A game of "manhunt" apparently sparked a shooting alert on the University of Kentucky campus Sunday night and led to charges against four UK football players, according to documents filed Thursday in Fayette District Court.
The players — Dorian Baker, Drew Barker, Tymere Dubose and Stanley Williams — all are charged with second-degree disorderly conduct in documents filed with the court Thursday morning. The four, all freshmen, were served with summonses overnight.
The four are sitting out Saturday's South Carolina game as punishment for their role in last weekend's incident and might face additional internal team discipline.
According to the court documents, the players came forward Monday morning and admitted their involvement in the incident that led to the campus alert. By then, UK police had released surveillance photos from the Kirwan-Blanding dormitory area Sunday night.
According to complaints filed with the court Thursday, the players admitted they and some other individuals were playing a "game of manhunt" Sunday night, in which they would go outside their dorm, "chase each other around and shoot each other" with BB guns. They had up to four of the BB guns Sunday night, according to the complaints.
UK officials instituted an alert about 10 p.m. Sunday after reports of shots fired in the Kirwan-Blanding area. Campus and city police searched the area, but found no one. Students in that part of campus were asked to remain in their dorms until the alert was lifted about midnight Sunday.
According to citations filed in court Thursday, witnesses reported seeing a group of six to eight men, one of whom was observed with a gun in his hand. Two witnesses also reported hearing up to three gunshots, the court complaints say.

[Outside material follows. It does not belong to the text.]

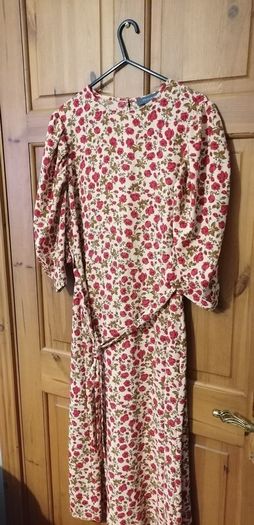 dress size 14 pretty flower pattern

According to one complaint, Dubose stated that when the group went outside for the manhunt game, he fired his BB gun into the air to see whether it was working properly. Dubose said that he noticed a "frat guy" running away after he fired the shot and that members of the group decided at that point to split up and leave the area.
According to information filed with the court, Williams told authorities he left the group and was walking away alone when he got a cellphone call that police were coming. Williams then threw his gun into a dumpster and returned to his dorm, according to the court filing.
According to a separate complaint, Dubose told officials he discarded his BB gun under a tree at University and Complex drives after realizing police were on their way. Barker also stated that he discarded his gun under a tree at the same location, documents say.
According to another filed complaint, Baker stated that his gun was broken and that he discarded it at the rear of Baldwin Hall.
It apparently was the "airsoft pistol" that UK police said they found Sunday night. They released pictures of that gun Monday morning.
UK police said late Tuesday that they recovered a total of four guns.
According to the court complaints, the four players admitted their actions "created a hazardous situation that served no legitimate purpose."
Manhunt is a game that teens or young adults are playing in various parts of the country, often using "airsoft guns" that resemble real firearms but shoot only small pellets.
According to news reports, police in Newton Township, Pa., almost fired on three teens who were playing manhunt with airsoft guns in August. Officers rushed to the scene that night thinking they were dealing with a real shootout, not a game, according to news accounts.
Robert Mock, UK vice president for student affairs, said in a statement Thursday that he could not discuss any possible student code charges against the four players.
But Mock said that in such cases the university gathers evidence — including police reports — and meetings are held between the director of student conduct and the student involved. If the director determines that a violation has occurred, the director and student try to establish a "restorative action plan" that allows for "student learning and repair of any harm done to the community," according to Mock.
If the incident can't be resolved that way, the student gets a formal hearing before a three-member board comprised of faculty and staff. The student may appeal that panel's decision to the University Appeals Board. The appeal board's decision would be final, according to Mock.
The full process can take about 60 days, Mock said.
Under Kentucky law, second-degree disorderly conduct is a misdemeanor covering offenses such as fighting, making unreasonably loud noises or creating hazardous situations. It is punishable by up to 90 days in jail.
The four UK players are to appear in district court Oct. 28.